I tore out some old masonry and it left behind some poorly mounted sheetrock and some uneven brick. I want to have a 12" tile border around the fireplace opening with a wood trim mantle around that (so the tile doesn't need to be flush to the sheetrock at all). I will have finished sheetrock above the mantle. 

Issue 1: Mounting sheetrock to the wall- there is a 1"+ gap behind the sheetrock. I can feel a stud horizontal in the middle of the rough sheetrock panel, so I am going to need to add some more structure there. What do I add? Non-flammable framing? Like steel? What is the best way to tie them into the vertical framing outside the fireplace?

Issue 2: Getting Hardi-backer on the uneven brick. I need to level the surface around the fireplace opening and mount hardi-backer to it. I was thinking I would do mortar in a few layers with some chicken wire to reinforce it and prevent it from running down, and then fasten the hardi-backer on with masonry screws after drying and sanding flat.

Suggestions? Code violations? 

This is in Portland, Oregon. 

EDIT: the bricks that look like vents are NOT vents.

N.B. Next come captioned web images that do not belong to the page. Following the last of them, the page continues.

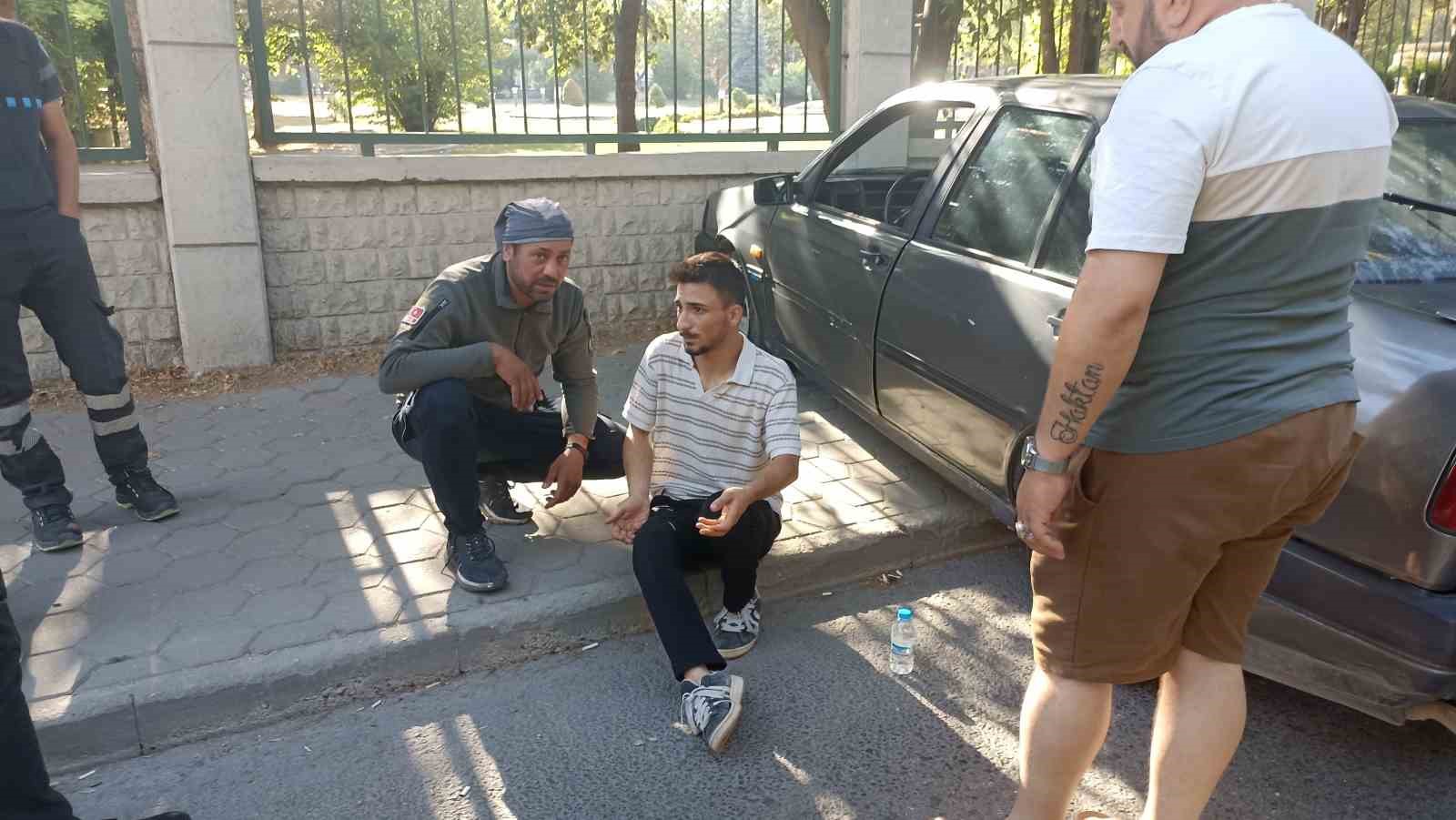 Kontrolden çıkan otomobil duvara çarparak durabildi, sürücüsü yaralandı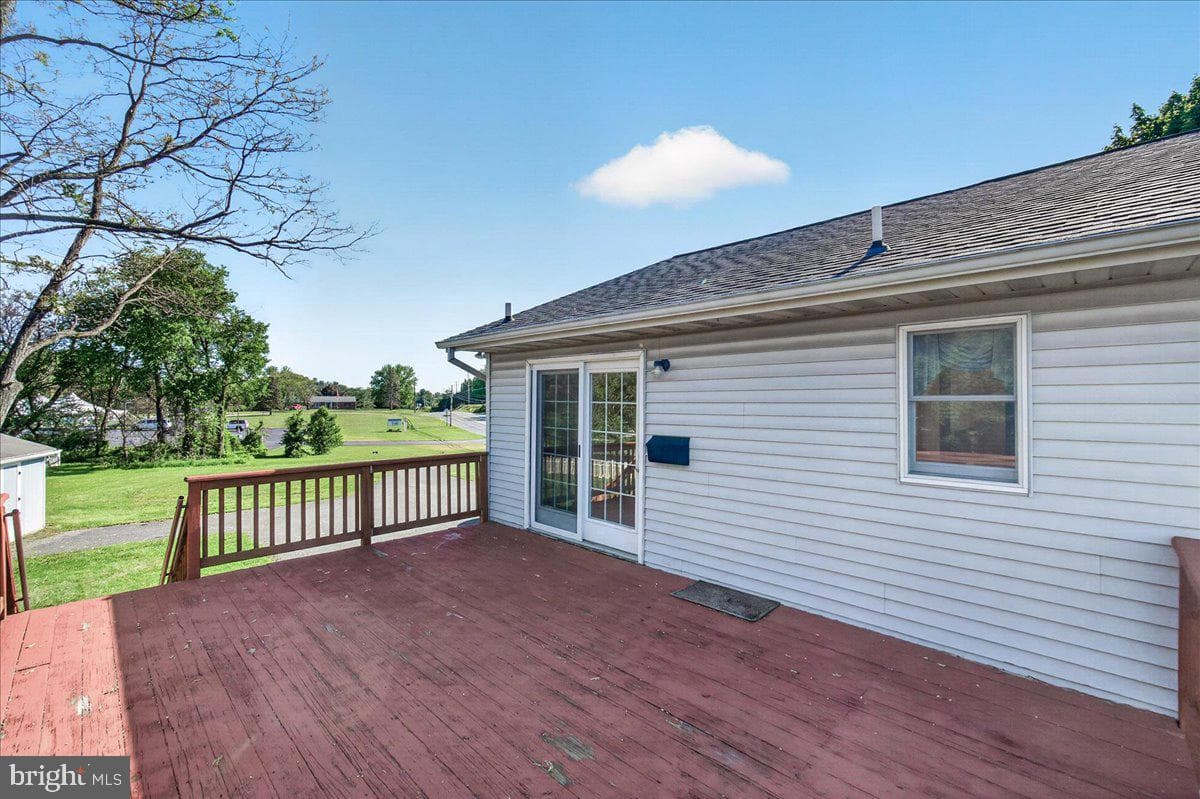 4715 Green Valley Road photo 11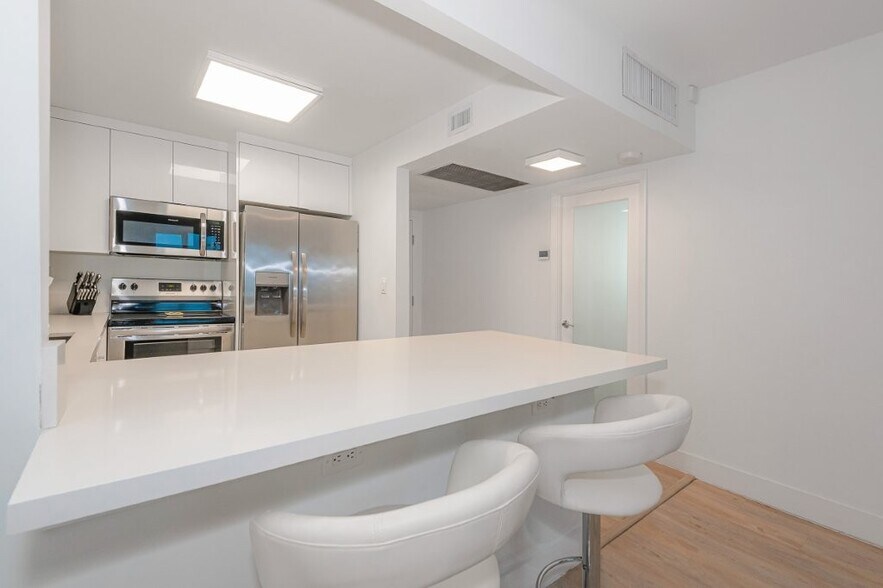 Building Photo - 2301 Collins Ave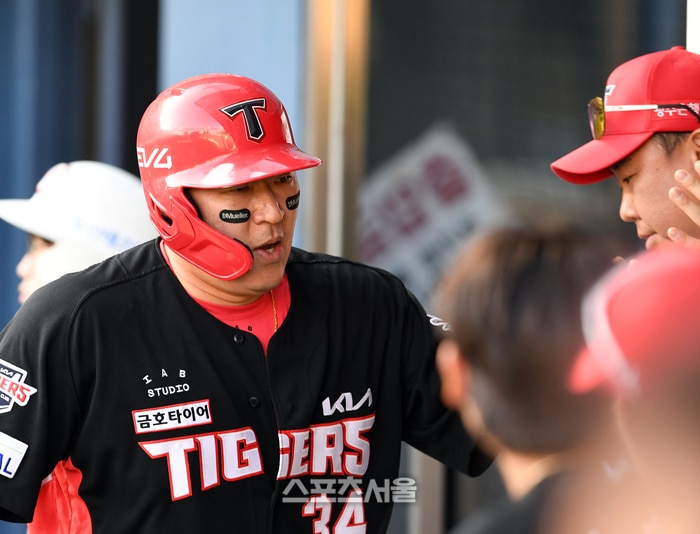 최형우, 역대 최고령 월간 MVP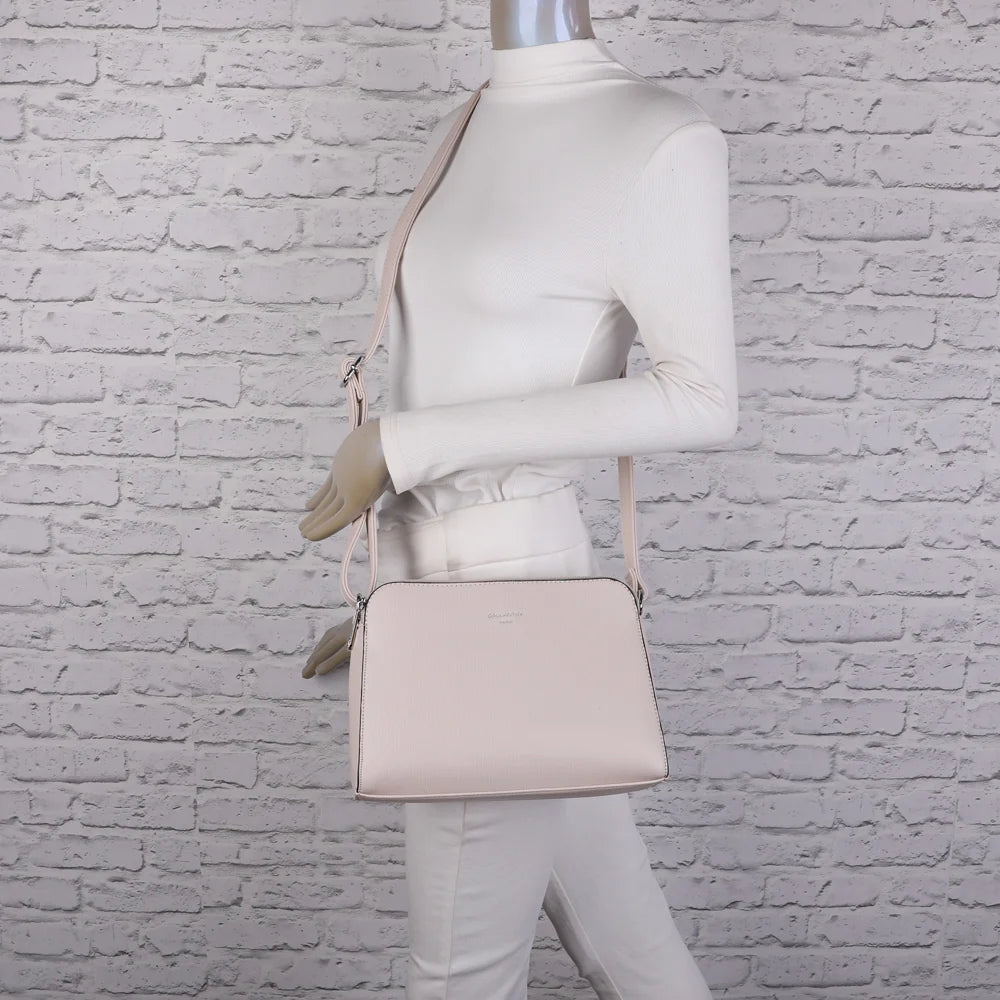 Gallante beige porté par une femme en bandoulière, sangle réglée à la bonne longueur pour la journée – réf. G-7432-2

They can be removed.


----------



## kwikfishron (Mar 11, 2010)

Frame a wall in front, cover and tile.


----------



## Gary in WA (Mar 11, 2009)

See if your local Building Inspector will give you a courtesy call to be safe.

Be safe, Gary


----------



## KlamathMog (Oct 9, 2009)

GBR-

that is a very good idea! But we already have it pretty much done. 

I got a copy of the oregon building codes online. Only thing that we had to observe was no flammable material within 2" of the brick work. I put a metal beam in to reinforce the new sheetrock. Then I ground the brick flat and I mortaring hardibacker on with quickset. In the large areas I am reinforcing the cement with chicken wire. Look ssturdy, fireproof, and true.

thanks for the suggestions though!


----------